There is a certain infectious glee at this fact in the introduction to the Arts and the Nation, which brings together a selection of essays published during the first year of this project. ‘No other daily newspaper on Britain has covered arts subjects to such an extent and so regularly’, we’re told – and Riach irreverently takes as an epigraph a quote from Michael Gove, affirming that ‘The National is without a doubt the worst newspaper in the world’. However, underlying this jollity is the sincere conviction that, by reclaiming popular media in this way, it’s not too late to effectively reverse Virilio’s terms. If you can slow things down – if you can carve out little pockets of time for reflective calm, amid the otherwise incessant torrent of news – you further the cause of democracy in Scotland. Or, as Riach has it: ‘Democracy educates, and education democratises. Otherwise, both fail.’

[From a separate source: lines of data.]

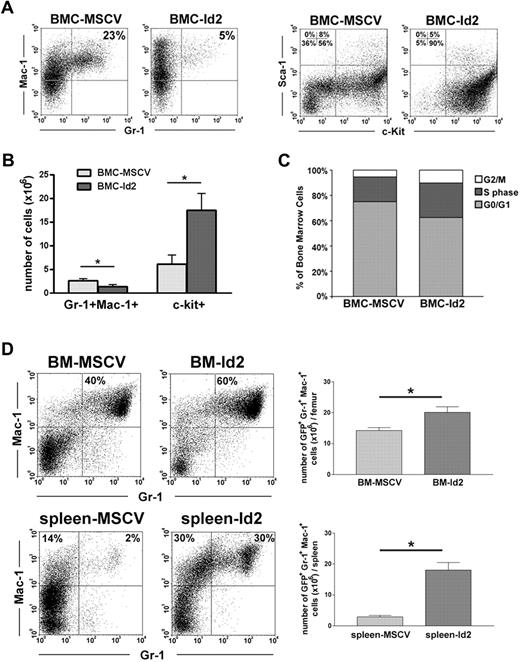 Figure 4. High levels of Id2 expression inhibit neutrophil differentiation in vitro and promote myeloid progenitor proliferation in vitro and in vivo. (A) 5FU-BMCs were transduced with MSCV or MSCV-Id2 retrovirus and cultured in mGM-CSF to induce neutrophil differentiation. Myeloid cells in the culture were analyzed for c-kit, Sca-1, Gr-1, and Mac-1 surface markers. (B) Total cell numbers of Gr-1+Mac-1+ cells and c-kit+ cells from MSCV- or MSCV-Id2–transduced 5FU-BMC culture. *P < .05 in 2-sided t test. (C) Cell-cycle analysis of MSCV- or MSCV-Id2–transduced 5FU-BMCs was analyzed by propidium iodide staining. (D) Myeloid development in recipient bone marrow and spleen was examined 5 months after transplantation by FACS analysis with the use of Gr-1, and Mac-1 antibodies. Total cell number of Gr-1+Mac-1+ cells was shown. *P < .05 in 2-sided t test. Four recipient mice were used in each group. Three independent experiments were performed.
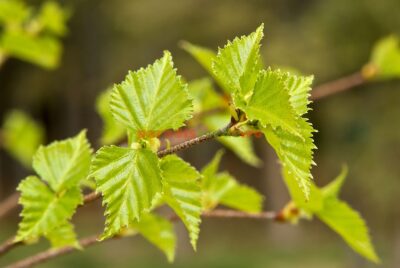 Secretul străvechi al frunzelor de mesteacăn: cum să elimini toxinele și durerile articulare fără medicamente!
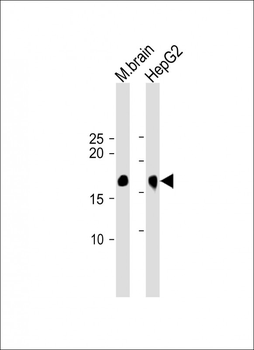CDKN2A Antibody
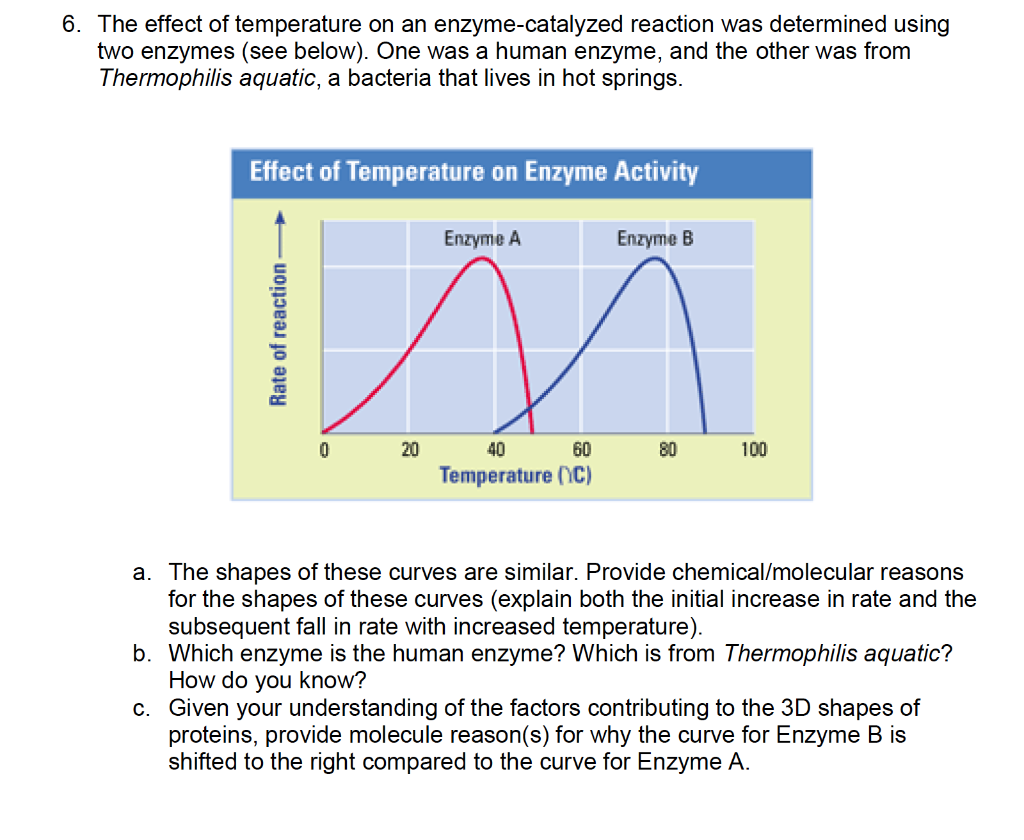 enzymes-at-low-temperatures-file-enzyme-temperature-png-wikimedia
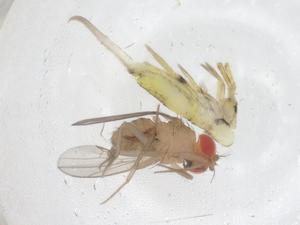  ( - CBG-B22860-G07)  @11 [ ] CreativeCommons - Attribution Share - Alike (2025) Centre for Biodiversity Genomics Centre for Biodiversity Genomics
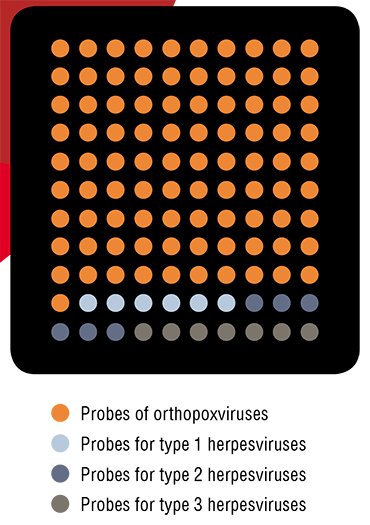 The microchip for simultaneous identification of orthopoxviruses and herpesviruses contains spots with manifold molecular proves (according to Sinyakov, 2007)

The publication of Arts and the Nation is above all an opportunity to take stock – to assess just what sort of educational and political programme it is that is being advanced here. In the opening section of the book, on ‘Authors and Literary Contexts’, Riach begins by following Hugh MacDiarmid’s injunction – ‘Not Burns – back to Dunbar’. He offers a lucid, accessible summary of Dunbar’s key works, before continuing in a like manner to dwell on three further pre-modern writers: Duncan Ban Macintyre, Alasdair Mac Mhaighstir Alasdair, and Elizabeth Melville. He then proceeds to the twentieth century, with essays on the modernist surges that occurred in Montrose and St Andrews in the 1920s and 30s, and on MacDiarmid’s self-imposed exile on Whalsay.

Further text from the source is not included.